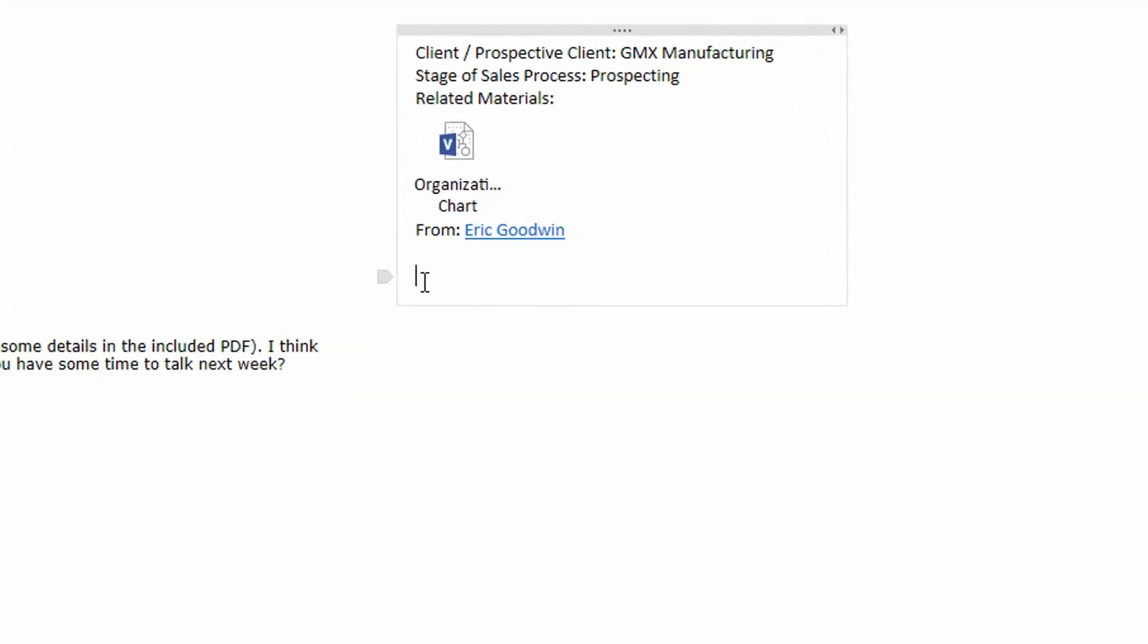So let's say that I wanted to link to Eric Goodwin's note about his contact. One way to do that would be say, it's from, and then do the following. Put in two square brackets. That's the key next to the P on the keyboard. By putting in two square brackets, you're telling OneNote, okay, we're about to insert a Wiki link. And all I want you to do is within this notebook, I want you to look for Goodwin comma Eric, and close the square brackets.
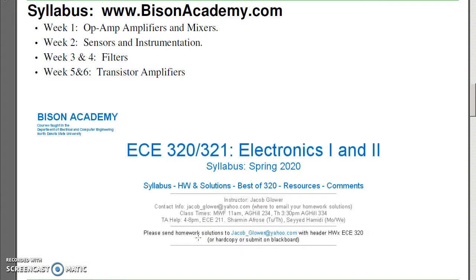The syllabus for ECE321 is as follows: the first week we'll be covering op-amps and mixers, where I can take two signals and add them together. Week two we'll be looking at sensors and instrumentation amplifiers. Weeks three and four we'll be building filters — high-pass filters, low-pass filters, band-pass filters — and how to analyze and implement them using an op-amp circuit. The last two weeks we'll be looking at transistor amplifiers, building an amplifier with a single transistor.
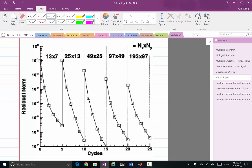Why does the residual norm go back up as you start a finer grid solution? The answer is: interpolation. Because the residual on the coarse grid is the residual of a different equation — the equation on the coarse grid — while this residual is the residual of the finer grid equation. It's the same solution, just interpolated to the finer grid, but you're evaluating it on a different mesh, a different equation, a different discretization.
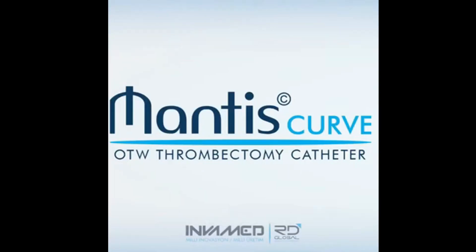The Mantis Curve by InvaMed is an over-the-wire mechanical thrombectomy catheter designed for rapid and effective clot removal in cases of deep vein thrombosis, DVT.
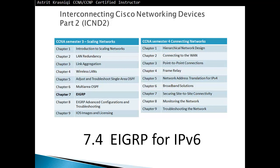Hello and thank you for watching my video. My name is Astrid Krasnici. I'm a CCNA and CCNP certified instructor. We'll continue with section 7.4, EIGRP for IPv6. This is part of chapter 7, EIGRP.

════════════════════

▶ What to work on
In transcribing the records, omit the pictures and keep everything else exactly as it appears.

▶ Response to the exercise
So let's say that I wanted to link to Eric Goodwin's note about his contact. One way to do that would be say, it's from, and then do the following. Put in two square brackets. That's the key next to the P on the keyboard. By putting in two square brackets, you're telling OneNote, okay, we're about to insert a Wiki link. And all I want you to do is within this notebook, I want you to look for Goodwin comma Eric, and close the square brackets.
The syllabus for ECE321 is as follows: the first week we'll be covering op-amps and mixers, where I can take two signals and add them together. Week two we'll be looking at sensors and instrumentation amplifiers. Weeks three and four we'll be building filters — high-pass filters, low-pass filters, band-pass filters — and how to analyze and implement them using an op-amp circuit. The last two weeks we'll be looking at transistor amplifiers, building an amplifier with a single transistor.
Why does the residual norm go back up as you start a finer grid solution? The answer is: interpolation. Because the residual on the coarse grid is the residual of a different equation — the equation on the coarse grid — while this residual is the residual of the finer grid equation. It's the same solution, just interpolated to the finer grid, but you're evaluating it on a different mesh, a different equation, a different discretization.
The Mantis Curve by InvaMed is an over-the-wire mechanical thrombectomy catheter designed for rapid and effective clot removal in cases of deep vein thrombosis, DVT.
Hello and thank you for watching my video. My name is Astrid Krasnici. I'm a CCNA and CCNP certified instructor. We'll continue with section 7.4, EIGRP for IPv6. This is part of chapter 7, EIGRP.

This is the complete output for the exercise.